Data in this exercise »

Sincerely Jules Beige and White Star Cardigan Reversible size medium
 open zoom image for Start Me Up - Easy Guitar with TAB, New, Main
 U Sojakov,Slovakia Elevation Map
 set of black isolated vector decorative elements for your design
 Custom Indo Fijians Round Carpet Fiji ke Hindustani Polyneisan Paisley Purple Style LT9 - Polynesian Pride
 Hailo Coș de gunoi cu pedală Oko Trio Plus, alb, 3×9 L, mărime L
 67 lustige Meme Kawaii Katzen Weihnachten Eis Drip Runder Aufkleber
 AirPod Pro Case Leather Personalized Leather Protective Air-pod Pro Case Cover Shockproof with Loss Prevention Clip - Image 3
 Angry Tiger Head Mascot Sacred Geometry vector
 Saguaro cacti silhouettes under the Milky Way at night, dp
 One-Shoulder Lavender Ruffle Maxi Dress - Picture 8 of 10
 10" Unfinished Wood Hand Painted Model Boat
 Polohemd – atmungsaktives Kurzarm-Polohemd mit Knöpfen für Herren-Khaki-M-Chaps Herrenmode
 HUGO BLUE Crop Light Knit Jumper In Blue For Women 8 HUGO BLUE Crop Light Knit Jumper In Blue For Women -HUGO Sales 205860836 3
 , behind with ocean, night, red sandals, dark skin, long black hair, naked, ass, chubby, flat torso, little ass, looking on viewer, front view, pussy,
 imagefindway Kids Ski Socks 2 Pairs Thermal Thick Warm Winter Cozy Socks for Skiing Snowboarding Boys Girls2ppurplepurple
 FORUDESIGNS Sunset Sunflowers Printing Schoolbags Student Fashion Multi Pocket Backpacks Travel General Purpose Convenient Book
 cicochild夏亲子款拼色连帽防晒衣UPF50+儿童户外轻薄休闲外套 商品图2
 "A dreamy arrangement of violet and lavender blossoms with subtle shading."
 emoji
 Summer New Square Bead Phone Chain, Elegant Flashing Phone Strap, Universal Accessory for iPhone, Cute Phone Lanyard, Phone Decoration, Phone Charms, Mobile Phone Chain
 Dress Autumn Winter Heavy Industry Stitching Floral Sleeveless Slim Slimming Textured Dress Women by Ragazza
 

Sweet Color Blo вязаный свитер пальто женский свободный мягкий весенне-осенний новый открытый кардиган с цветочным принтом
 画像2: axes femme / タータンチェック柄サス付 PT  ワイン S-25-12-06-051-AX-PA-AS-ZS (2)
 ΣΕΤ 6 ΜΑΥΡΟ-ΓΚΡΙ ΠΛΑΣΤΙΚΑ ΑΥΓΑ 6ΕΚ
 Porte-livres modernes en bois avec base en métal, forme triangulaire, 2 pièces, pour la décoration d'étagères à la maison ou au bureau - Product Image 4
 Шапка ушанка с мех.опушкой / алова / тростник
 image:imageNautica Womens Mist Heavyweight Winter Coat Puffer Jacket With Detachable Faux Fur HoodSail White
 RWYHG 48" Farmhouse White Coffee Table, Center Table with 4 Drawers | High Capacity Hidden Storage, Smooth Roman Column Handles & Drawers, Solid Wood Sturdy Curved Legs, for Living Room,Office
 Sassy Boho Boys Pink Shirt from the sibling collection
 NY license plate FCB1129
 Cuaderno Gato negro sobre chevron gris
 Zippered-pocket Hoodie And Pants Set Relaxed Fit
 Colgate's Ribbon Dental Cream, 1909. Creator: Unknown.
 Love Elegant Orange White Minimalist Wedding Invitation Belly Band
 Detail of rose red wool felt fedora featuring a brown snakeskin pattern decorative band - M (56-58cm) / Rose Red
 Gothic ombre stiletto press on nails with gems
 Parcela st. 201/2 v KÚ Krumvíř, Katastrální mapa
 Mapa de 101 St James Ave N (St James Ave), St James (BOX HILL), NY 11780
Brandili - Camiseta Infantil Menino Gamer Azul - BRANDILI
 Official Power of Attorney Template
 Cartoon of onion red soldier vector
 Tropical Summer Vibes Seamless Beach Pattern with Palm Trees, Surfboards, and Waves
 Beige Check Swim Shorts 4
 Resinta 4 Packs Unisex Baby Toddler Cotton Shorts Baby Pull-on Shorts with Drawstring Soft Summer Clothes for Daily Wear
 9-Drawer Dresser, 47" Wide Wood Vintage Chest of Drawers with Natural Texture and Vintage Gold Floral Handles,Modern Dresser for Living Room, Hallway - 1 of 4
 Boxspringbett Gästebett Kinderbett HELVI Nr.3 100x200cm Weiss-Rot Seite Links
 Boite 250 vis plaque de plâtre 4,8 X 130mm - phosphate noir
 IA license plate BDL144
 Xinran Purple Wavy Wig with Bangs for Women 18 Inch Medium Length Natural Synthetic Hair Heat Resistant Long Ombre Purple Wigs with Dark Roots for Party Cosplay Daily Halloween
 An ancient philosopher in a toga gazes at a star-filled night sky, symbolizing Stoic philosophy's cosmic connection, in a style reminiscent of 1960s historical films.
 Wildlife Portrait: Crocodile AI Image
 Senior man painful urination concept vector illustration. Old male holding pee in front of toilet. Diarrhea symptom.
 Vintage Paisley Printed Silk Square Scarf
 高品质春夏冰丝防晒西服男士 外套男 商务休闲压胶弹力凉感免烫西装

Problem statement » Please copy out every line of the preceding listing that carries "Boys".

Exercise result »
 imagefindway Kids Ski Socks 2 Pairs Thermal Thick Warm Winter Cozy Socks for Skiing Snowboarding Boys Girls2ppurplepurple
 Sassy Boho Boys Pink Shirt from the sibling collection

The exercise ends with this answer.